« Il faut montrer au patient que nous existons et que nous jouons un rôle clé, déclarait Alain Blum, radiologue au CHRU de Nancy, dans nos pages il y a quelques semaines. Je le constate lors de mes consultations : les patients sont demandeurs d’un contact avec le radiologue. Il peut leur détailler des choses que ne peuvent pas leur expliquer les autres médecins. » Mieux informés des tenants et aboutissants de leur examen, les patients ressortiraient gagnants d’une communication renforcée avec le radiologue. L’inverse serait aussi vrai selon Alain Blum, qui considère qu’une relation radiologue patient plus étoffée pourrait garantir la survie de la spécialité. « Si le radiologue ne se montre plus et que la machine le supplante, il risque de disparaître, redoute-t-il. Tous les jours, j’entends des gens qui me disent qu’ils n’ont pas vu de radiologue, qu’ils ne savent pas ce qu’est un radiologue. Dans ces conditions, il est difficile de défendre la spécialité. »
Gérer le patient de A à Z
Des radiologues l’ont bien compris et œuvrent au quotidien pour maintenir le lien avec les patients. C’est le cas de Boris Guiu, radiologue interventionnel à l’hôpital Saint-Eloi de Montpellier (34). Son service tient non seulement des consultations radiologiques avant et après les procédures, mais gère aussi toute l’hospitalisation. « Nous avons des lits, ce qui n’est pas courant. Nous revoyons le patient en consultation, nous programmons les imageries de suivi. Bien sûr, tout cela se fait dans le cadre de réunions de concertation pluridisciplinaire où les décisions sont prises en commun, mais nous maîtrisons la filière du début à la fin. »
« C’est ce qui rend le métier passionnant »

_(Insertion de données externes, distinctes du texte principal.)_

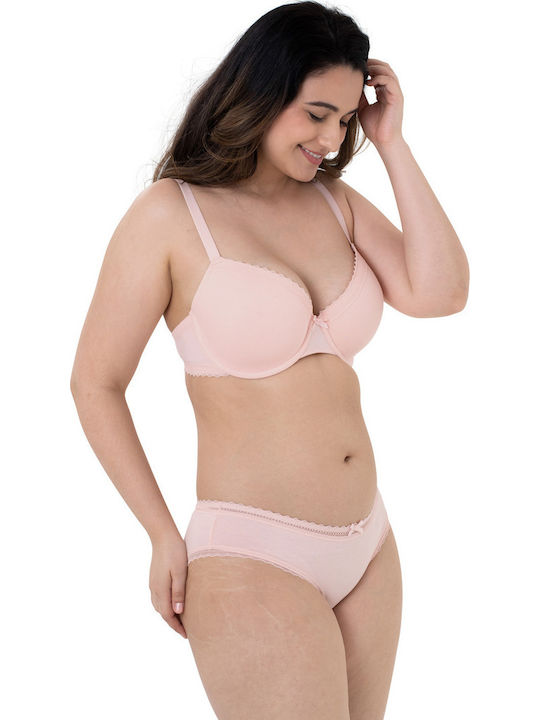 Demi Curves Bra with Light Padding Underwire Pink/Blue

Boris Guiu insiste sur la nécessité pour les radiologues de s’approprier cette mission vis-à-vis du patient. « C’est vital pour deux raisons, plaide-t-il. D’une part pour que le patient nous considère comme des vrais thérapeutes plutôt que comme des photographes. D’autre part parce que c’est le sens de la médecine : nous ne devons pas être que des techniciens. » Pour lui, ce type de prise en charge donne tout son intérêt à l’activité interventionnelle. « Nous devons donner l’information aux patients car c’est nous qui faisons le geste, expliquer les risques car c’est médicolégal. Nous devons les suivre, les mettre dans de bonnes conditions, les faire sortir ou les garder quand c’est nécessaire, les revoir et gérer le suivi, énumère-t-il. Et quand il y a une récidive il faut aussi la gérer. C’est ce qui rend le métier passionnant ».
Une position unique vis-à-vis du patient
Radiologue spécialisé en imagerie digestive et pelvienne au centre hospitalier Lyon-Sud, Pascal Rousset a fait du relationnel avec le patient une conviction. « En radiologie, notre position vis-à-vis du patient est singulière, souligne-t-il. Nous voyons à travers les patients. Il y a quelque chose qui relève parfois de l’intime pour eux et qui n’est pas toujours facile à comprendre. Lorsque nous discutons avec eux, nous leur donnons une vision de l’anatomie, de la physiologie, et une représentation de la médecine que n’ont pas les chirurgiens et les cliniciens. Grâce à l’image, nous pouvons leur montrer des anomalies, leur faire comprendre leur pathologie. »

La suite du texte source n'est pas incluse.